Stella Klein-Löw, Erinnerungen, 1980, S. 21f.

Nach dem Besuch der Volksschule und der Matura am Mädchengymnasium Rahlgasse im sechsten Wiener Gemeindebezirk studierte sie ab 1923 an der Universität Wien Germanistik und Latein sowie Psychologie bei Karl und Charlotte Bühler, danach auch Psychoanalyse bei Annie und Wilhelm Reich, später außerdem Englisch, was ihr in weiterer Folge zugute kommen sollte. Sie promovierte 1928 mit einer Dissertation zur „Österreichischen Kriegslyrik 1914 – 1918“ und legte 1931 die Lehrberechtigungsprüfung für Mittelschulen ab. 1926 publizierte sie mit „Der Wandertrieb als Pubertätserscheinung“ und „Märchen ohne Hexen“ erste pädagogische Schriften.

 

„Kämpferin für eine bessere Welt“: Stella Klein-Löws Engagement in der Sozialdemokratischen Arbeiterpartei

Bereits während ihrer Schulzeit begann Stella Klein-Löw sich politisch in der Sozialdemokratischen Arbeiterpartei zu engagieren und war zunächst Mitglied der Sozialistischen Arbeiterjugend, in der sie nicht nur ihre politische Heimat fand. 1922 trat sie der Partei und dem Verband Sozialistischer Studenten bei, wo sie mit dem Medizinstudenten Hans Klein, ihrem späteren ersten Ehemann, und vielen bedeutenden Persönlichkeiten wie dem sie prägenden Parteitheoretiker Otto Bauer zusammentraf. Die Schulreform der 1920er-Jahre, initiiert durch den Pädagogen →Otto Glöckel, den sie persönlich kennen lernte, beeinflusste ihre spätere Lehrtätigkeit nachhaltig.
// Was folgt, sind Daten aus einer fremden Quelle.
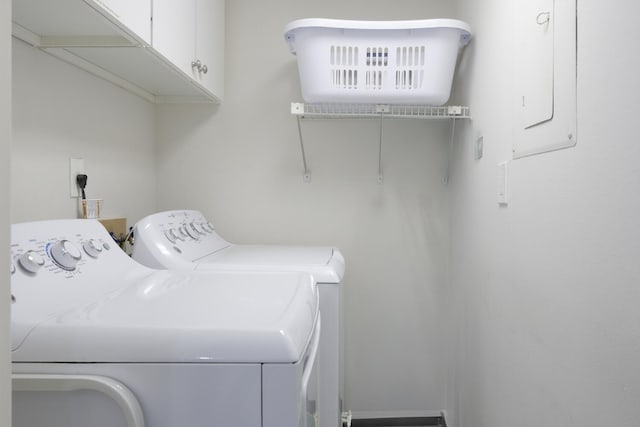 washroom featuring washer and dryer and cabinets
Stella Herzig erlebte die zunehmenden gesellschaftspolitischen und wirtschaftlichen Spannungen, die sich nach den dramatischen Ereignissen um Schattendorf zuspitzten: Am 30. Januar 1927 hatten die Sozialdemokraten in der kleinen burgenländischen Ortschaft eine Versammlung abgehalten und waren dabei von Mitgliedern der Frontkämpfervereinigung Deutsch-Österreichs beschossen worden. Die Bilanz waren zwei Tote und einige Verletzte. Am 15. Juli, nach Bekanntgabe des Freispruchs der Täter, geriet die Studentin in den Tross der demonstrierenden Arbeiterschaft vor dem Justizpalast in Wien. Nach diesem einschneidenden Erlebnis, das ihr die unkontrollierbare Dynamik von Menschenmassen vor Augen führte – beim Brand des Justizpalastes starben mindestens 89 Menschen und mehr als 600 Personen wurden verletzt –, engagierte sich Stella Herzig weiterhin in der Partei, arbeitete u. a. als Vertrauensperson in ihrem Wohnbezirk sowie als Bildungsreferentin und zweimal wöchentlich in der Arbeiterbücherei des 9. Bezirks.

1930 heiratete sie ihre erste große Liebe Dr. Hans Klein. Diese Beziehung endete jedoch tragisch: 1933 nahm er sich das Leben. Noch am Tag der Einäscherung ihres Mannes absolvierte Stella Klein ein Vorstellungsgespräch am Chajesrealgymnasium, einem jüdischen Privatgymnasium, an dem sie in der Folge ihre erste fixe Stelle als Lehrerin antrat. Stella Klein-Löw beschrieb in ihren Erinnerungen die Jahre der Lehrtätigkeit an dieser Schule als ihre wertvollsten, nicht zuletzt deshalb, weil die jüdischen Schüler sich der Tatsache sehr bewusst waren, dass sie es in ihrem späteren Leben schwerer haben würden als andere Gleichaltrige, und deshalb härter arbeiteten. Auch in der Zeit des „Ständestaats“ setzte Klein-Löw ihre politische Tätigkeit in der Illegalität fort – die Sozialdemokratische Arbeiterpartei war am 12. Februar 1934 verboten worden.

 

 

„Aus der brauen Flut in den grauen Nebel“: Flucht nach England

Nach dem „Anschluss“ Österreichs an Hitler-Deutschland emigrierte sie wenige Monate später als rassisch und politisch Verfolgte nach England – nachdem die Ausreise ihrer Mutter und ihres Bruders ebenfalls gesichert war. Die Einreise nach Großbritannien gelang ihr dank eines „domestic permit“, einer britischen Arbeitsbewilligung als Haushaltsgehilfin, das für sie, wie für viele andere Frauen, oftmals die letzte Möglichkeit bot, der nationalsozialistischen Schreckensherrschaft zu entkommen.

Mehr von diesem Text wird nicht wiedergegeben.